Der neue Jaguar E-Pace im ersten Test: Katzenbaby zu verkaufen
Jaguar versucht seinen neuen Kompakt-SUV über den niedrigsten Einstiegspreis der gesamten Modellpalette an den Mann zu bringen. Geht die Rechnung auf?
Autopräsentationen bei Premiumherstellern sind manchmal wie kleine Theaterstücke. Erst werden die Vorzüge des neuen Modells über mehrere Akte in den höchsten Tönen gepriesen. Dann, in einem Halbsatz ganz zum Schluss, wenn die Journalisten gedanklich schon im Testwagen sitzen, folgt - hüstel, hüstel - der Preis. Er fällt oft genug so aus, dass für einige im Publikum die Aufführung schon wieder endet, bevor sie richtig begonnen hat.
Jaguar dreht nun den Spieß um. Very offensiv stellen die Briten den Preis ihres jüngsten Katzenbabys in den Vordergrund. Ab 34.950 Euro oder ab einer Leasingrate von 179 Euro pro Monat (Einmalzahlung: 7201 Euro!) ist der neue E-Pace zu haben. Der günstigste Jaguar überhaupt, aber auch eine Kampfansage an die Premium-Konkurrenz? Nicht wirklich. Ein BMW X1 sDrive 18d beginnt bei 34.800 Euro, ein Audi Q3 2.0 TDI bei 33.000 Euro. Gut, beide sind keine Jaguars, und natürlich lässt sich die Ausstattung nicht 1:1 vergleichen. Aber zumindest motorseitig sind die drei Wettbewerber gleich. Alle setzten auf einen 150 PS starken Diesel.
Was taugt der neue Jaguar E-Pace?
Netter Versuch also mit dem Preis, aber den braucht es auch, will man im vor Angeboten platzenden Segment der Kompakt-SUVs Marktanteile erobern. Da hat sich das Königreich viel vorgenommen: 80 Prozent der künftigen E-Pace-Eigner sollen zuvor noch nie einen Jaguar besessen haben. Und zuschlagen will man ausgerechnet in einer Zielgruppe, in welcher der Euro nicht immer besonders locker sitzt: bei jungen Paaren und Familien.
Was erwarten die neben einem guten Preis von einem Auto? Dass es genügend Platz bietet, dabei trotzdem sexy aussieht und halbwegs flott unterwegs ist. Diese drei Kriterien erfüllt der E-Pace. Sein Design sticht aus der Masse heraus. Wer die aufgepumpten Körper von Bodybuildern mag, wird diesen Wagen lieben. Er strotzt vor Kraft. Da der Jaguar anders als das Gros der Konkurrenz eine hohe Dachlinie nicht scheut, besitzt er außen mehr Präsenz und innen, insbesondere auf der Rückbank, großzügigere Platzverhältnisse. Eine vierköpfige Familie sollte sich recht luxuriös untergebracht fühlen, sofern sie sich an den harten, glatten Kunststoffen nicht stört, die hier und da dominieren.
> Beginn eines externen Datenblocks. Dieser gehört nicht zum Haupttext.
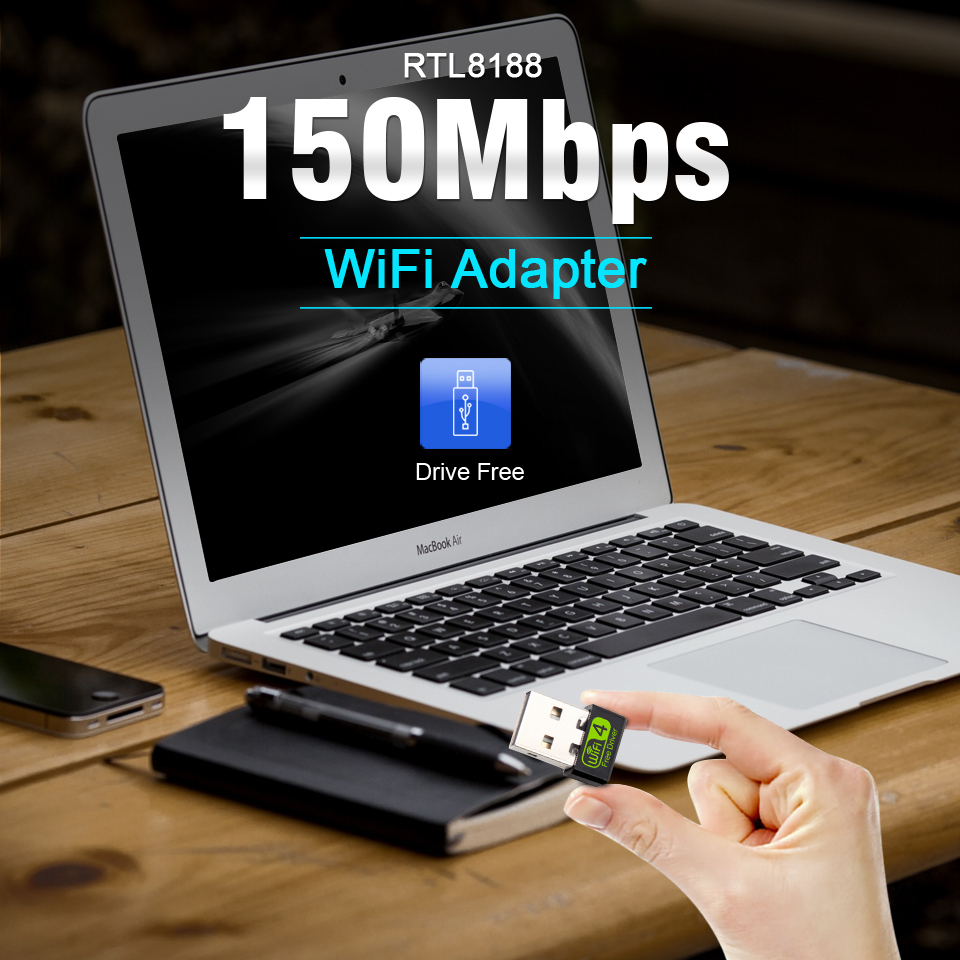 150Mbps Mini WiFi Adapter USB WiFi USB Adapter Free Driver Wi Fi Dongle Network Card Ethernet Wireless Wi-Fi Receiver for PC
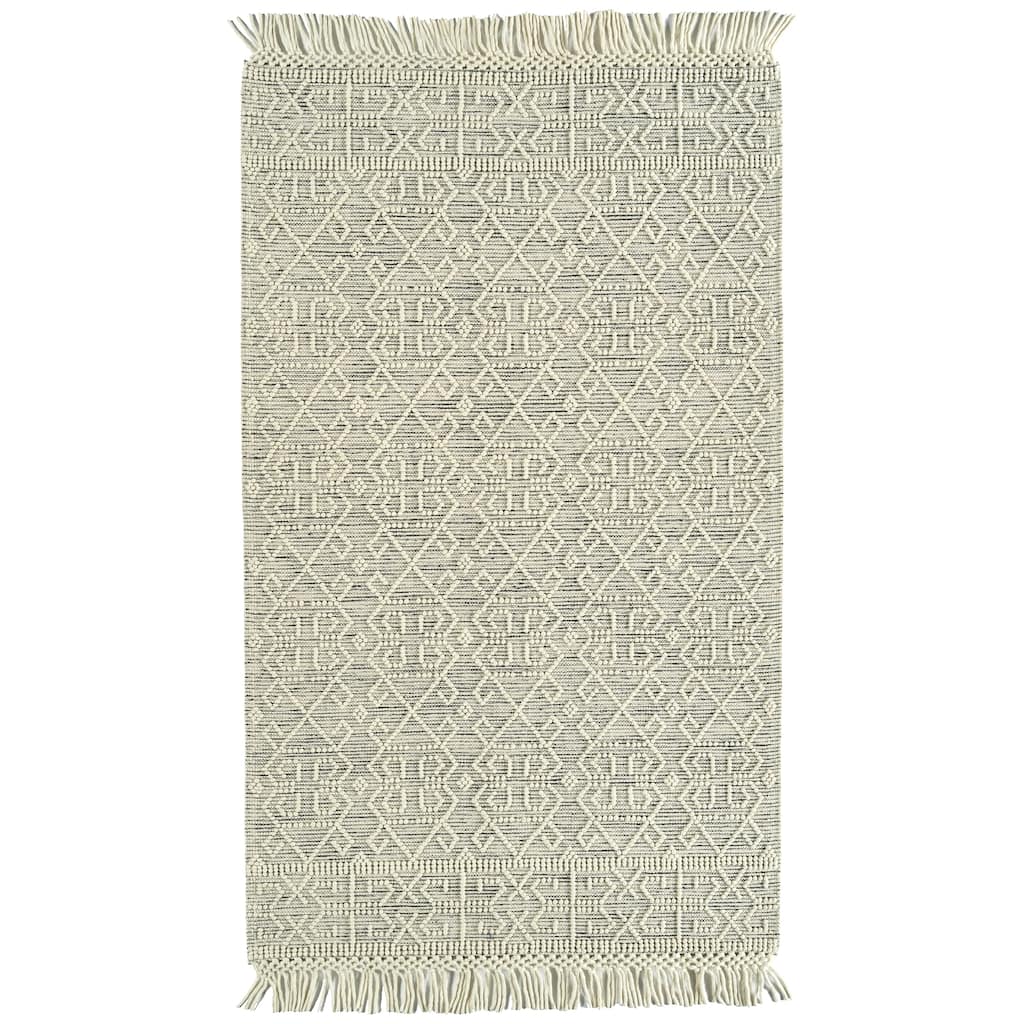 Mara Collection Ivory Square Indoor Throw Rug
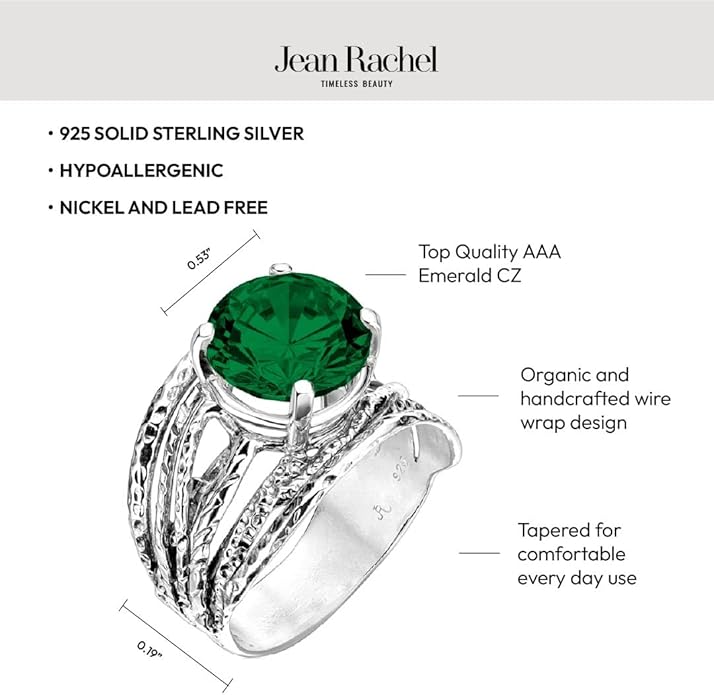JEAN RACHEL JEWELRY 925 Sterling Silver Ring - Wrap Vintage Design with Prong Set Round Cubic Zirconia - Hypoallergenic, Lead & Nickel Free - Artisan Handcrafted Statement Rings for Women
Was der Zielgruppe wichtiger sein dürfte als der Materialmix: das Digitalisierungs-Level. Hier weiß sich der jüngste Jaguar auf der Höhe der Zeit. Er verfügt über einen superspontan ansprechenden Berührbildschirm, kann ein bordeigenes WLAN für bis zu acht Geräte aufbauen und besitzt fünf USB-Steckdosen - das richtige Setup für eine Generation, die immer online ist und das Smartphone niemals aus der Hand legt.
Und wie fährt er sich? Schwer zu sagen, zumal für erste Tests nur die beiden größten Triebwerke am Start waren. Dabei dürften die kleineren, günstigeren Motoren in der Gunst der Käuferschaft höher liegen. Der mindestens 52.475 Euro teure 240-PS-Diesel jedenfalls muss es auf den ersten Eindruck nicht unbedingt sein. Ihm fehlt subjektiv ein wenig der ob dieser nominell hohen Leistung zu erwartende Punch. Weiteres Manko: Die Neungang-Automatik harmoniert nicht hundertprozentig mit dem Selbstzünder. Der 300-PS-Benziner (ab 52.850 Euro) schlägt sich besser. Damit fährt das Auto so dynamisch, wie es aussieht.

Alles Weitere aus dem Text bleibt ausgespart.